DATASET CONTENT
=== Section Start ===

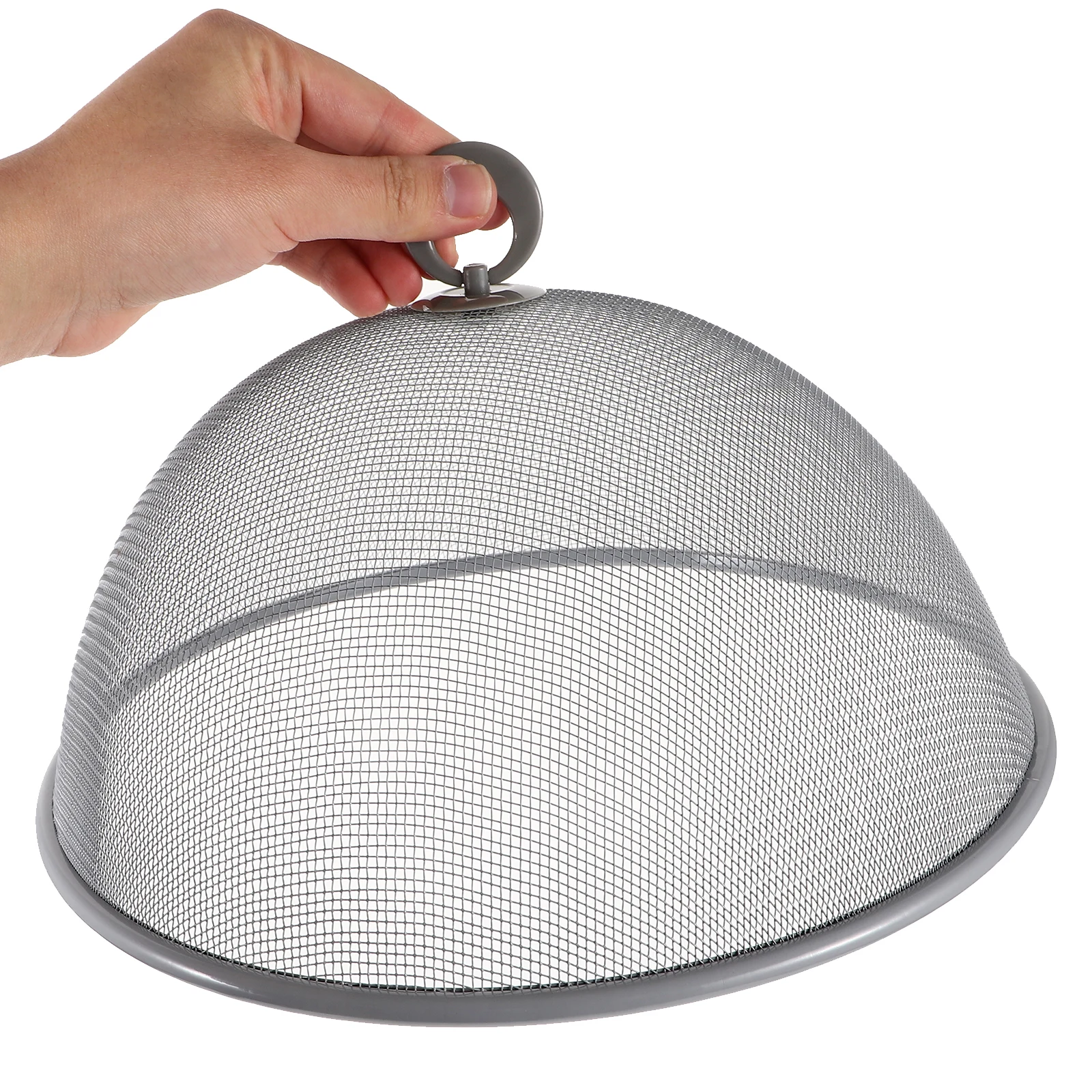

4pcs Food Covers Dust-proof Anti-mosquito Round Grey Mesh Tent Tableware Set Kitchen Dining Protection Household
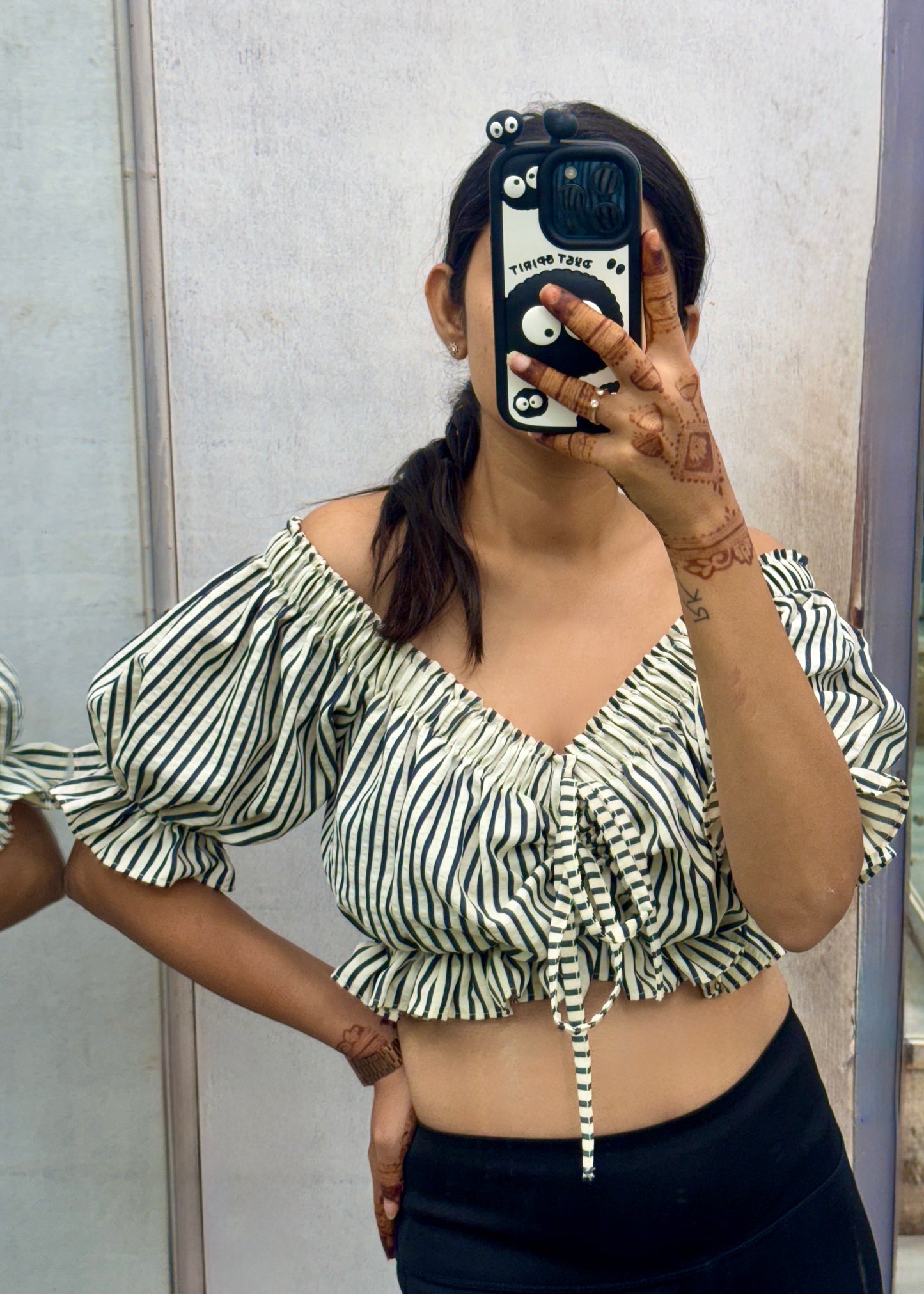 Striped Boat Neck Crop Top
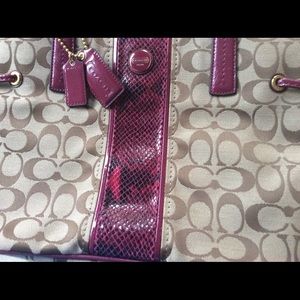 Raspberry Croc. Coach Purse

=== Section End ===

TO DO
Print the listing again exactly as it appears, except for the pictures, which stay out.

RESULT BELOW
4pcs Food Covers Dust-proof Anti-mosquito Round Grey Mesh Tent Tableware Set Kitchen Dining Protection Household
 Striped Boat Neck Crop Top
 Raspberry Croc. Coach Purse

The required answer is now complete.